■ **PROBLEM STATEMENT**
The pictures in the data below are to be omitted; all else must be duplicated exactly.

■ **DATA BLOCK**
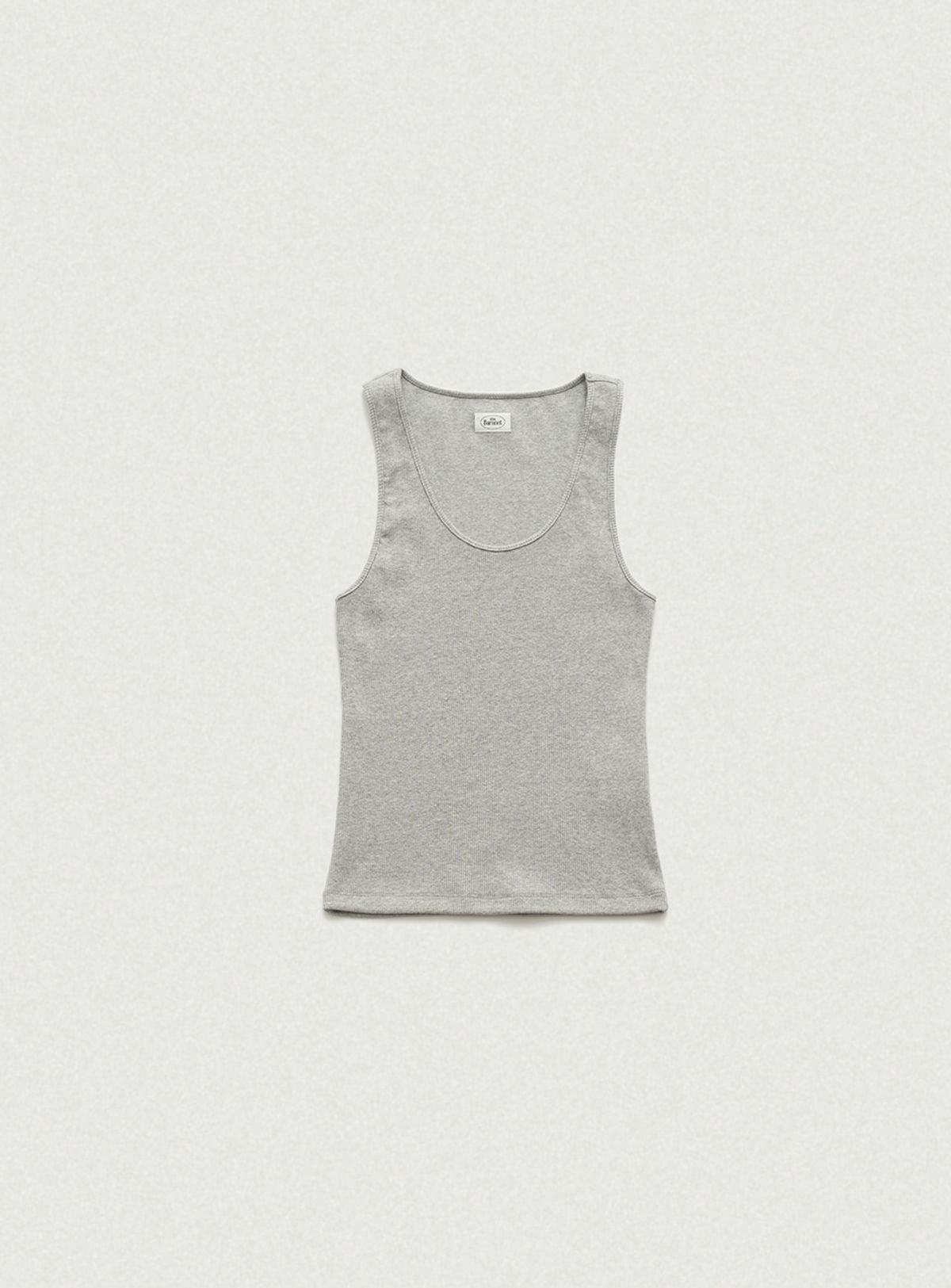 더바넷(THEBARNNET) U-Neck Ribbed Tank Top_Grey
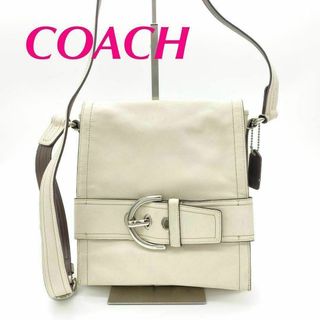 コーチ(COACH)の【美品】 COACH コーチ アイボリー ショルダー(ショルダーバッグ)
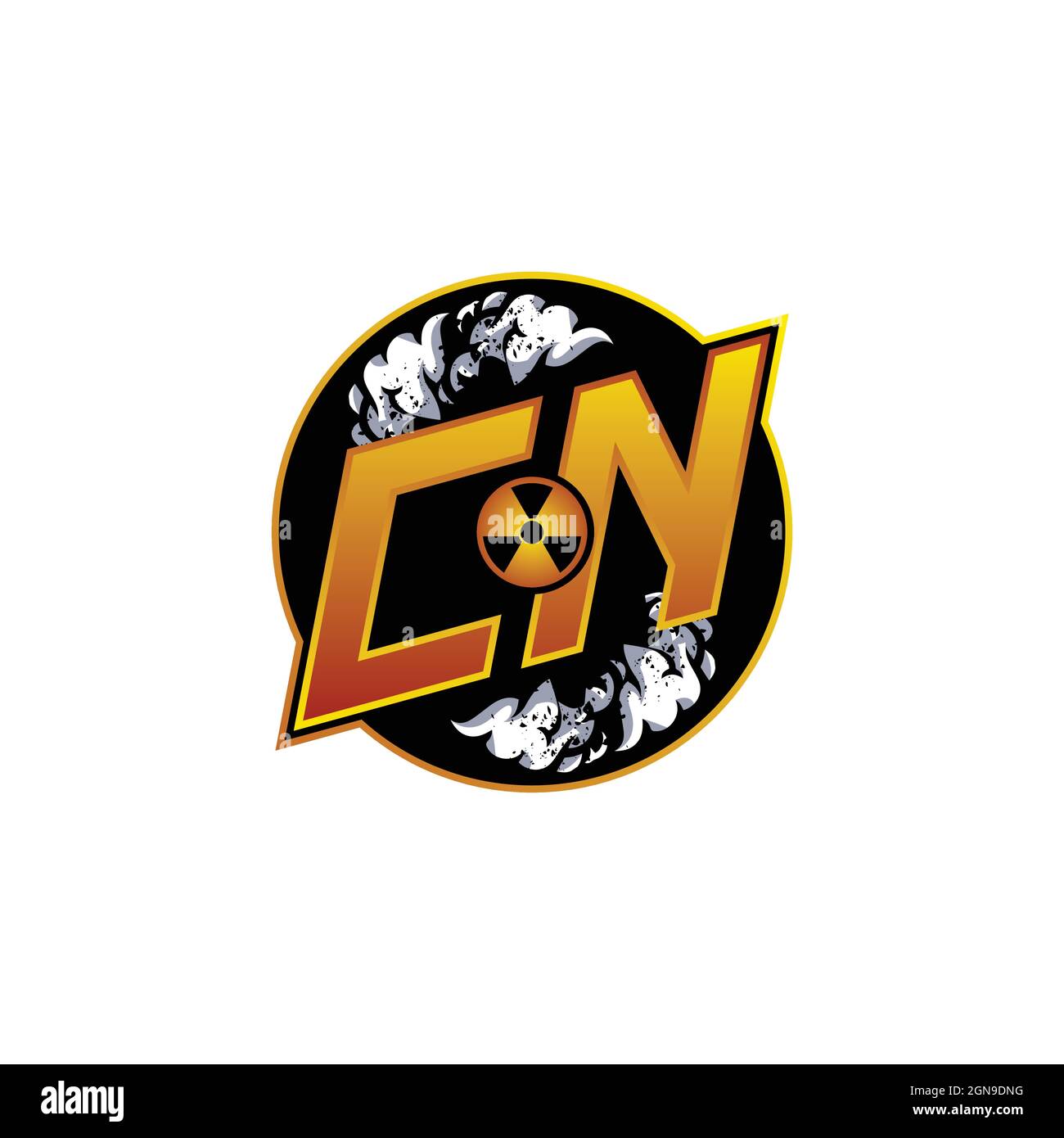 CM Logo monogram with Skull Shape designs template vector icon modern Stock Vector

■ **ANSWER BELOW**
 더바넷(THEBARNNET) U-Neck Ribbed Tank Top_Grey
 コーチ(COACH)の【美品】 COACH コーチ アイボリー ショルダー(ショルダーバッグ)
 CM Logo monogram with Skull Shape designs template vector icon modern Stock Vector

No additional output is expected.